Note they didn’t say this. They said the CoT is not optimised for ‘policy compliance or user preferences’. Pretty sure what they mean is the didn’t train the model not to say naughty things in the CoT.
I think you might be overthinking this. The CoT has not been optimised not to say naughty things. OpenAI avoid putting out models that haven’t been optimised not to say naughty things. The choice was between doing the optimising, or hiding the CoT.
Edit: not wanting other people to finetune on the CoT traces is also a good explanation.

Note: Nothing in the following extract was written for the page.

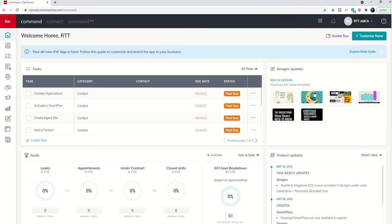Good morning, Keller Williams, and welcome back to the KW Command 66-Day Challenge mini-series for Command MC.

Fair point. I had imagined that there wouldn’t be RL directly on CoT other than that, but on reflection that’s false if they were using Ilya Sutskever’s process supervision approach as was rumored.
Agreed!
Maybe. But it’s not clear to me that in practice it would say naughty things, since it’s easier for the model to learn one consistent set of guidelines for what to say or not say than it is to learn two. Annoyingly, in the system card, they give a figure for how often the CoT summary contains inappropriate content (0.06% of the time) but not for how often the CoT itself does. What seems most interesting to me is that if the CoT did contain inappropriate content significantly more often, that would suggest that there’s benefit to accuracy if the model can think in an uncensored way.
And even if it does, then sure, they might choose not to allow CoT display (to avoid PR like ‘The model didn’t say anything naughty but it was thinking naughty thoughts’), but it seems like they could have avoided that much more cheaply by just applying an inappropriate-content filter for the CoT content and filtering it out or summarizing it (without penalizing the model) if that filter triggers.
The model producing the hidden CoT and the model producing the visible-to-users summary and output might be different models/different late-layer heads/different mixtures of experts.
Oh, that’s an interesting thought, I hadn’t considered that. Different models seems like it would complicate the training process considerably. But different heads/MoE seems like it might be a good strategy that would naturally emerge during training. Great point, thanks.
If I think about asking the model a question about a politically sensitive or taboo subject, I can imagine it being useful for the model to say taboo or insensitive things in its hidden CoT in the course of composing its diplomatic answer. The way they trained it may or may not incentivise using the CoT to think about the naughtiness of its final answer.
But yeah, I guess an inappropriate content filter could handle that, letting us see the full CoT for maths questions and hiding it for sensitive political ones. I think that does update me more towards thinking they’re hiding it for other reasons.
I’m not so sure that an inappropriate content filter would have the desired PR effect. I think you’d need something a bit more complicated… like a filter which triggers a mechanism to produce a sanitized CoT. Otherwise the conspicuous absence of CoT on certain types of questions would make a clear pattern that would draw attention and potentially negative press and negative user feedback. That intermittently missing CoT would feel like a frustrating sort of censorship to some users.